Starting at the line below holding "2025 Jeep Compass Latitude - Photo 11" and stopping at the line holding "Hyundai i30 1.6 CRDi BlueDrive Go - 17", print every line exactly, both ends included, and leave the rest out.

━━ EXERCISE MATERIALS ━━

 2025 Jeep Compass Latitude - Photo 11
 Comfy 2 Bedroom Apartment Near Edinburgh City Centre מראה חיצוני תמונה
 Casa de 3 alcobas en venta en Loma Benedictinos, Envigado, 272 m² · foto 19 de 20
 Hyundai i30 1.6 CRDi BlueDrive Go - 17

━━━
━━ EXERCISE MATERIALS ━━

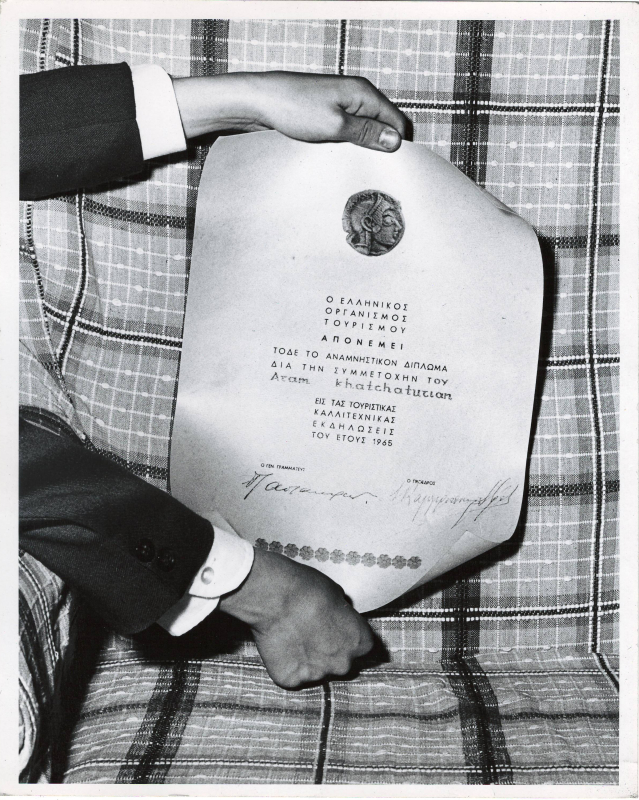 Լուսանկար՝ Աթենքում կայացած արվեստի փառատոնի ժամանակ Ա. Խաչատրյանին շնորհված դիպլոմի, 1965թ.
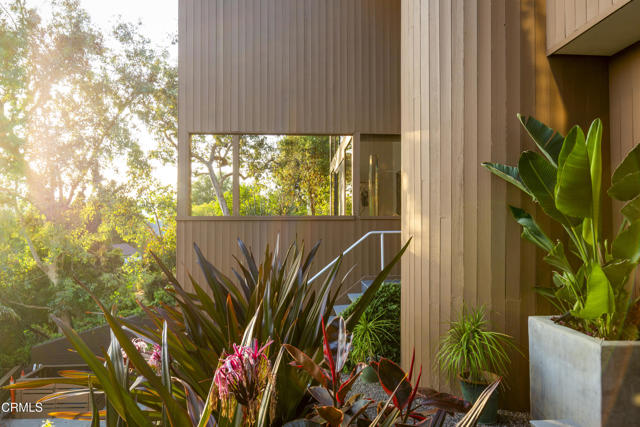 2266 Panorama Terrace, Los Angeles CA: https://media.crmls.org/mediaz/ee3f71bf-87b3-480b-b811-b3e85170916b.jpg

━━━

EXERCISE ANSWER
 2025 Jeep Compass Latitude - Photo 11
 Comfy 2 Bedroom Apartment Near Edinburgh City Centre מראה חיצוני תמונה
 Casa de 3 alcobas en venta en Loma Benedictinos, Envigado, 272 m² · foto 19 de 20
 Hyundai i30 1.6 CRDi BlueDrive Go - 17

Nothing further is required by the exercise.